I am relatively new to deep learning, I began using PyTorch to build a convolutional binary classifier for time series two weeks ago. I got it to the stage where I can pass time series individually without error but now I want to speed things up by using batches.

In my reading I have come across a few different terms and symbols to describe dimensions of layers and inputs and I am having a hard time matching them up with each other. PyTorch docs for Conv1D has (in_channels, out_channels, kernel_size) as arguments and describes algebraic symbols N, C and L.

For a given network:

Input
|
Conv1d(in_channels, out_channels, kernel_size)
|
Conv1d(in_channels, out_channels, kernel_size)
|
Conv1d(in_channels, out_channels, kernel_size)
|
Conv1d(in_channels, out_channels, kernel_size)
|
GlobAvPool()
|
Flattener of some kind e.g. .view(shape1, shape2)
|
Linear(shape1, 1) # 1 output for binary classifier

I have had this structure working for inputs of shape (1, 1, 556) which is a single time series of length 556 samples. When i change to batches, which numbers change?
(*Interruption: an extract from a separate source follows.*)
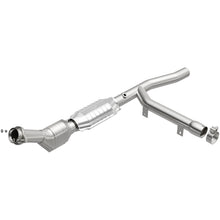Load image into Gallery viewer, MagnaFlow Direct Fit Catalytic Converter 97-98 Ford Trucks 4.2L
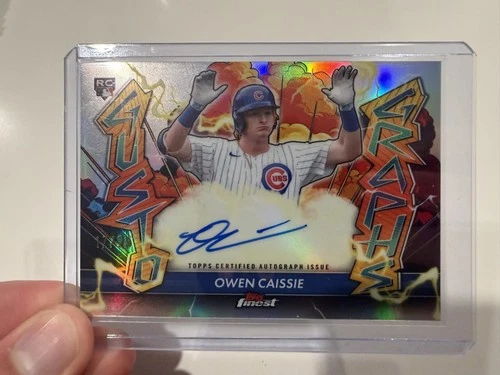 2026 Topps Finest Owen Caissie Base (RAW)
Are there restrictions on what batch_size can be?

So far my understanding is based on these terms and definitions:

• kernel_size: the number of timestamps the kernel looks at

• n_filters: the number of kernels, this seems to be the in_channels and out_channels for most conv (not the first one)

• batch_size: how many time series am I feeding in at once

Note that the time series are just a single string of digits (does that mean one channel in analogy with an RGB image being 3 channels? or is the number of channels the batch size?)

Basically I need to understand how these shapes interplay so I can confidently write networks of varying structure and know which numbers go where.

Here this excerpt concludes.